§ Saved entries

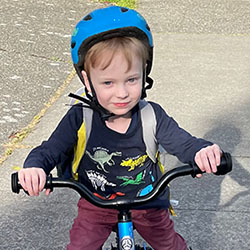 A 5-year-old boy rides a balance bike on a sidewalk with an immunotherapy study drug in his backpack. 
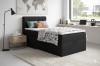 Modern black boxspring bed in bedroom with world map and lamps.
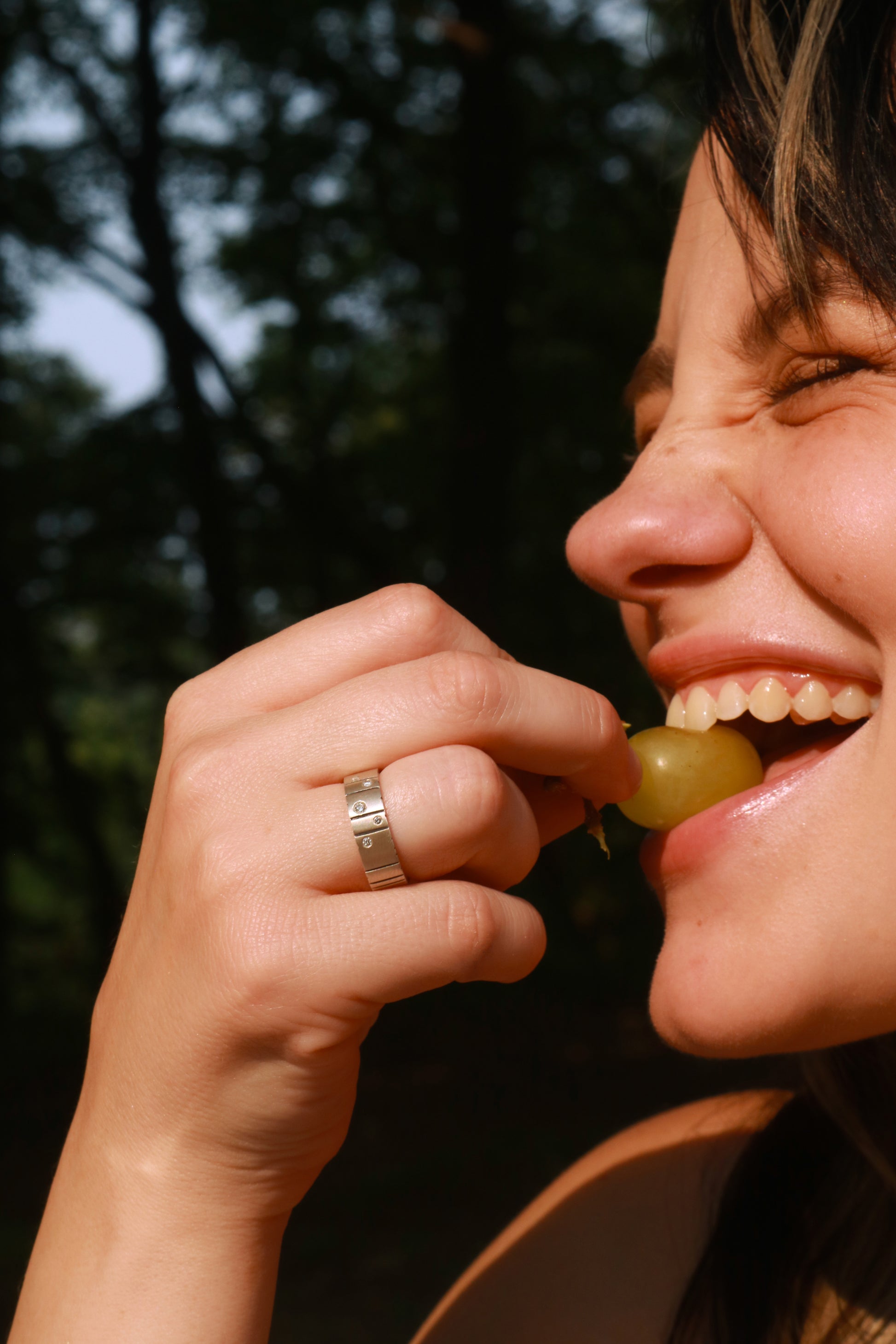 A model wearing a thick silver ring band with randomly spaced black line details is flush set with 5 various sized diamonds.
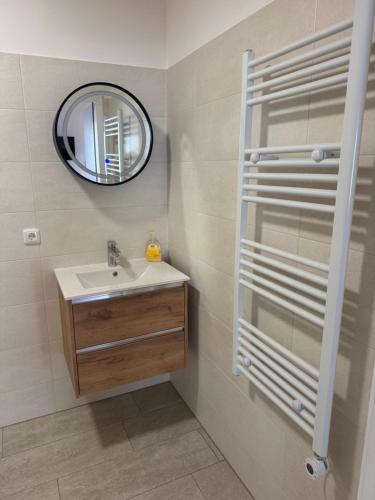 a bathroom with a sink and a mirror at Kaiser von Österreich in Bad Aussee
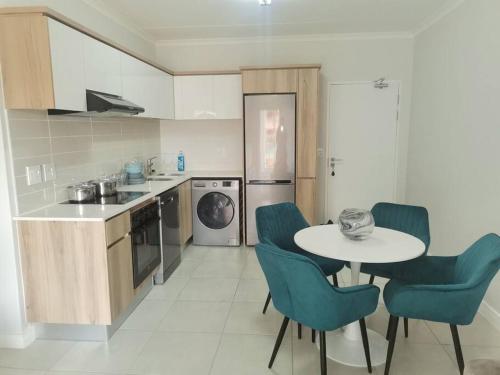 a kitchen with a table and blue chairs in a kitchen at The Blyde apartment NO BRAAI OR PARTY in Pretoria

§ Your objective
Take the records from their first line through the line containing "a bathroom with" and please return exactly those lines, both ends included, minus the pictures.

§ Output of the task
 A 5-year-old boy rides a balance bike on a sidewalk with an immunotherapy study drug in his backpack. 
 Modern black boxspring bed in bedroom with world map and lamps.
 A model wearing a thick silver ring band with randomly spaced black line details is flush set with 5 various sized diamonds.
 a bathroom with a sink and a mirror at Kaiser von Österreich in Bad Aussee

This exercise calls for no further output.